Mobile computing devices used to be the challenge for many enterprises. IT departments found themselves tugged in several different directions at once. Employees insisted on using their tablets and smartphones to access company applications, while security officers threw up their hands in horror at the idea of unknown and uncontrollable devices having a way in to corporate data. Judging from statistics from a survey earlier in 2015 by BYOD security solutions provider SOTI Inc., security officers are right in their misgivings. Mobile device usage puts enterprises at risk, whether through sloppy networking or data storage practices or other. Yet what if the bigger security risk was now no longer in your pocket, but strapped to your wrist?
When a company like Apple is in the wearable computing market, it is a strong sign of potential uptake of this new digital species. “But it’s a fad”, you say, “a fashion item that doesn’t belong in business anyway”. It may be time to revise that point of view.
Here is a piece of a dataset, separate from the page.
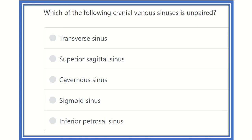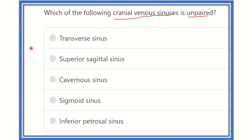Welcome to another question-solve lecture. The question is: which of the following cranial venous sinuses is unpaired? There are a number of cranial venous sinuses in the brain cavity. The options are transverse sinus, superior sagittal sinus, cavernous sinus, sigmoid sinus, and inferior petrosal sinus. We have to find out which one is unpaired.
Wearables are increasingly linkables too. They connect wirelessly with smartphones, for instance. Wearables can gather data and take pictures or record video clips. They can become extra eyes and ears, often undetected or unsuspected in business environments. People may not think that it is possible for them to be watched by an Apple Watch, but the connection to an iPhone makes it possible for the watch to transmit images too.
Unfortunately, wearables still lack security features. They increase the potential “attack surface”, but do not benefit from security management software of the type now available for smartphones and tablets. Remote deletion of data (in case of loss or theft of the wearable) is not provided, yet wearables can siphon off data from smartphones that in turn connect to corporate databases. Somewhere out there, a hacker is dreaming up a way to get into your digital fitness band, your Google Glass, or whatever other wearable you have adopted, and from there to get into the information systems behind it. How can you assess security threat to your own organisation? A quick look at employees wrists (be discrete!) will give you a first indication.